Can money buy happiness? A large body of cross-sectional survey research has demonstrated that income has a reliable, but surprisingly weak, effect on happiness within nations (13), particularly once basic needs are met (4). Indeed, although real incomes have surged dramatically in recent decades, happiness levels have remained largely flat within developed countries across time (5). One of the most intriguing explanations for this counterintuitive finding is that people often pour their increased wealth into pursuits that provide little in the way of lasting happiness, such as purchasing costly consumer goods (6). An emerging challenge, then, is to identify whether and how disposable income might be used to increase happiness.

Ironically, the potential for money to increase happiness may be subverted by the kinds of choices that thinking about money promotes; the mere thought of having money makes people less likely to help acquaintances, to donate to charity, or to choose to spend time with others (7), precisely the kinds of behaviors that are strongly associated with happiness (812). At the same time, although thinking about money may drive people away from prosocial behavior, money can also provide a powerful vehicle for accomplishing such prosocial goals. We suggest that using money in this fashion—investing income in others rather than oneself—may have measurable benefits for one's own happiness.

As an initial test of the relation between spending choices and happiness, we asked a nationally representative sample of 632 Americans (55% female) to rate their general happiness, to report their annual income, and to estimate how much they spent in a typical month on (i) bills and expenses, (ii) gifts for themselves, (iii) gifts for others, and (iv) donations to charity (13). The first two categories were summed to create an index of personal spending [mean (M) = $1713.91, SD = 1895.65], and the latter two categories were summed to create an index of prosocial spending (M = $145.96, SD = 306.06). Entering the personal and prosocial spending indices simultaneously into a regression predicting general happiness revealed that personal spending was unrelated to happiness (standardized regression coefficient β = –0.02, NS), but higher prosocial spending was associated with significantly greater happiness (β =0.11, P < 0.01). When we included income in this regression, we found that the effects of income (β = 0.11, P < 0.01) and prosocial spending (β = 0.10, P < 0.03) were independent and similar in magnitude, whereas personal spending remained unrelated to happiness (β = –0.04, NS). Although the correlational nature of this design precludes causal inferences, this study provides initial evidence that how people spend their money may be as important for their happiness as how much money they earn—and that spending money on others might represent a more effective route to happiness than spending money on oneself (13).

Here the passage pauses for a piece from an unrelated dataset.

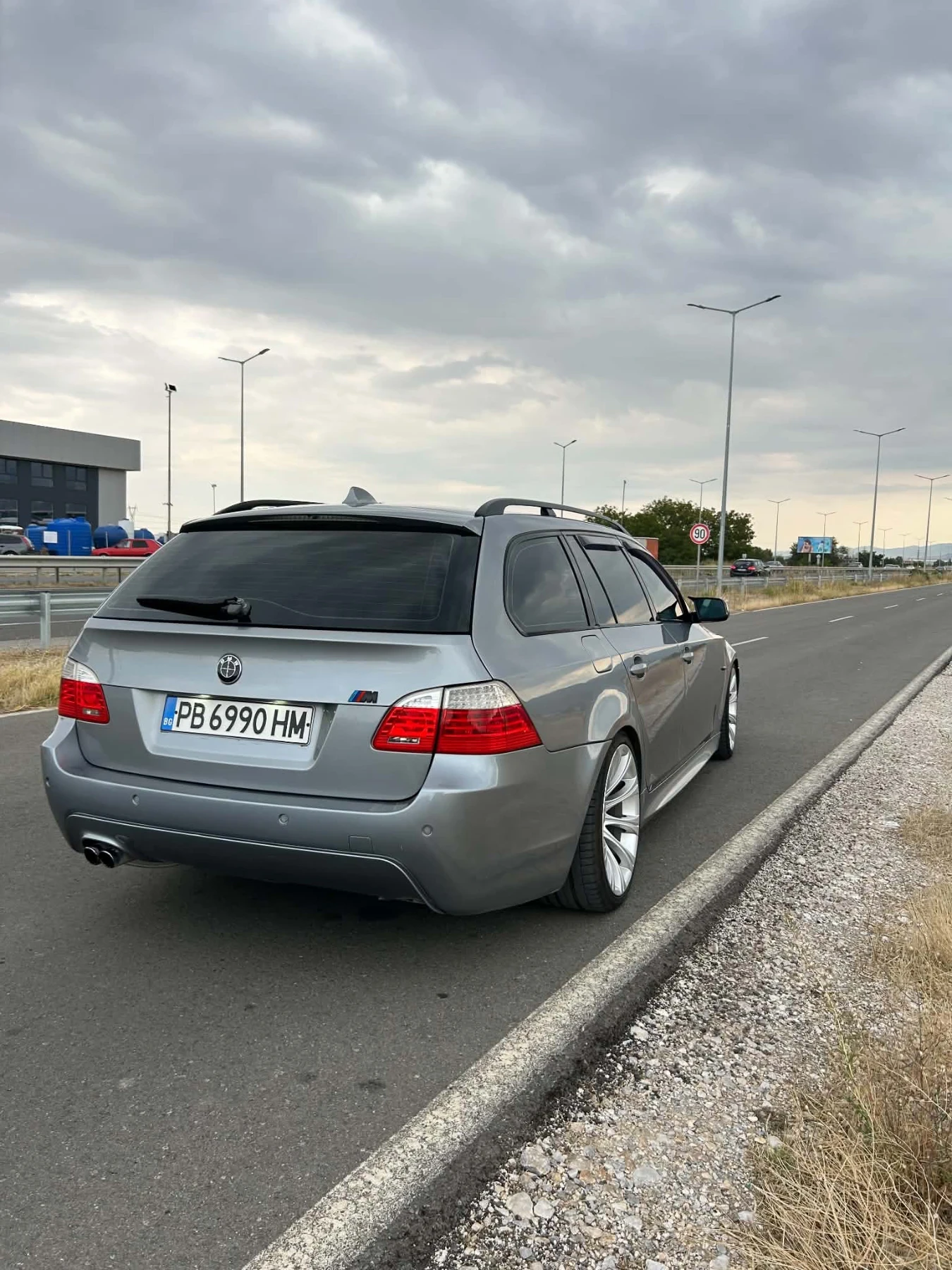 BMW 530, снимка 3 - Автомобили и джипове - 56395041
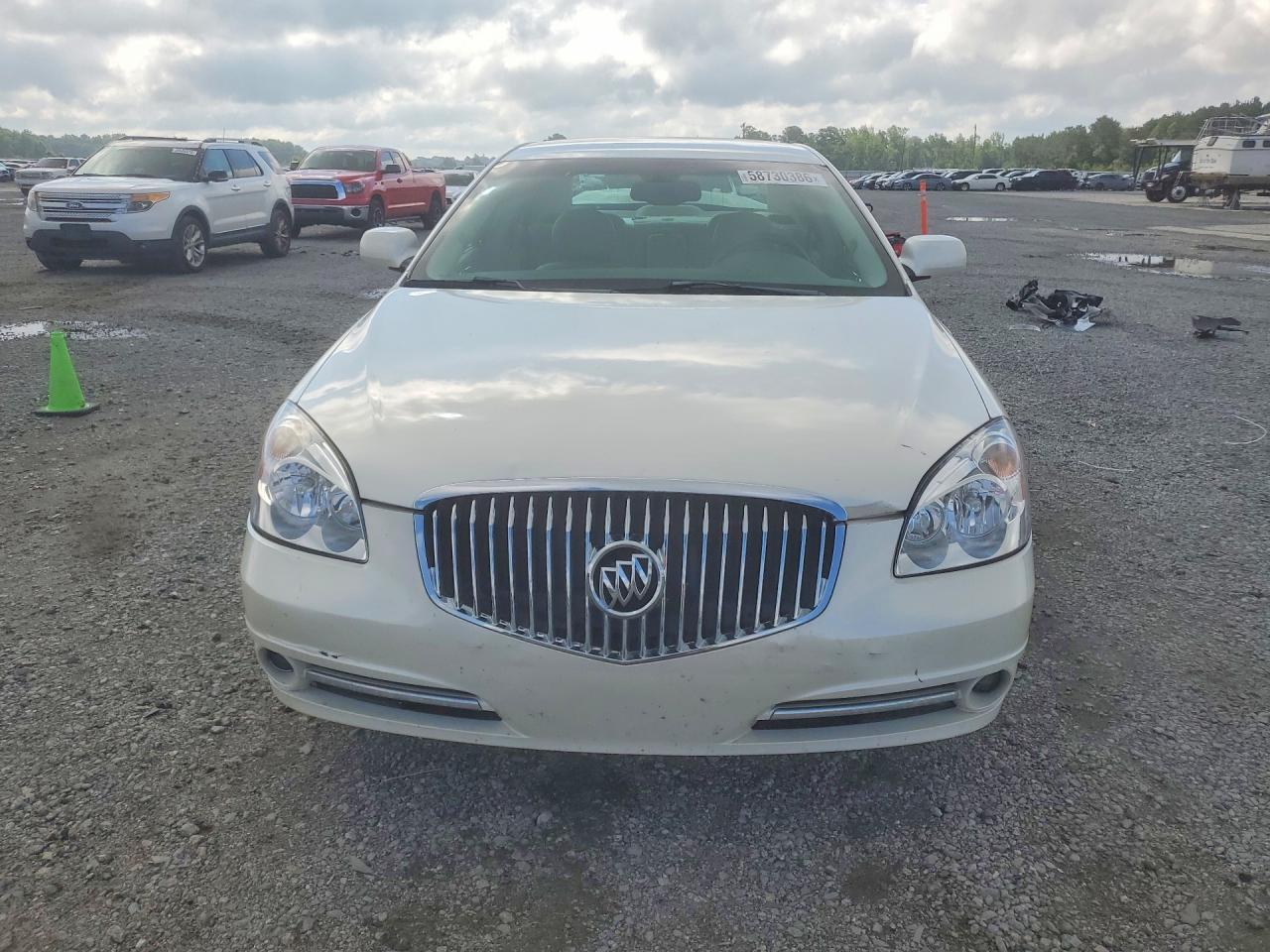 2011 Buick Lucerne White vin: 1G4HC5EMXBU104389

If this interpretation is correct, then people who receive an economic windfall should experience greater happiness after receiving the windfall if they spend it on others rather than themselves, even controlling for happiness before the windfall. We tested this prediction by examining the happiness of 16 employees before and after they received a profit-sharing bonus from their company (13). One month before receiving this bonus (M = $4918.64, SD = 1816.98), the employees reported their general happiness as well as their annual income. Approximately 6 to 8 weeks after receiving the bonus, participants again reported their general happiness and then reported what percentage of their bonus they had spent on (i) bills and expenses, (ii) rent or mortgage, (iii) buying something for themselves, (iv) buying something for someone else, (v) donating to charity, and (vi) other. The first three categories were summed to create an index of personal spending (M = 63.44, SD = 38.20), and the fourth and fifth categories were summed to create an index of prosocial spending (M = 12.19, SD = 18.35).

Entering Time 1 happiness and our two spending indices into a regression predicting Time 2 happiness revealed that prosocial spending was the only significant predictor of happiness at Time 2 (β = 0.81, P < 0.02). With income included as an additional predictor in this regression (β = –0.03, NS), the effect of prosocial spending remained significant (β = 0.96, P < 0.02). Similarly, the prosocial spending effect was significant (β = 0.81, P < 0.03) when controlling for bonus amount (β = 0.00, NS). Thus, employees who devoted more of their bonus to prosocial spending experienced greater happiness after receiving the bonus, and the manner in which they spent that bonus was a more important predictor of their happiness than the size of the bonus itself (13).

Building on our correlational and longitudinal evidence that spending on others may promote happiness, we next demonstrated the causal impact of prosocial spending, using experimental methodology (13). Participants (N = 46) rated their happiness in the morning and then were given an envelope that contained either $5 or $20, which they were asked to spend by 5:00 p.m. that day. Participants randomly assigned to the personal spending condition were instructed to spend the money on a bill, an expense, or a gift for themselves, whereas participants assigned to the prosocial spending condition were instructed to spend the money on a gift for someone else or charitable donation. Participants were called after 5:00 p.m. that day and again reported their happiness. We submitted postwindfall happiness to a 2 (windfall size: $5 versus $20) × 2 (spending direction: personal versus prosocial) between-subjects analysis of covariance (ANCOVA), with prewindfall happiness included as a covariate. This analysis revealed a significant main effect of spending instructions [F1,41 = 4.39, P < 0.04, effect size estimate (η 2p) = 0.10], whereby participants in the prosocial spending condition (M = 0.18, SD = 0.62) reported greater postwindfall happiness than did participants in the personal spending condition (M = –0.19, SD = 0.66). Neither the main effect of windfall size (F1,41 = 0.09, NS) nor the Windfall Size × Spending Direction interaction (F1,41 = 0.12, NS) approached significance. These experimental results provide direct support for our causal argument that spending money on others promotes happiness more than spending money on oneself.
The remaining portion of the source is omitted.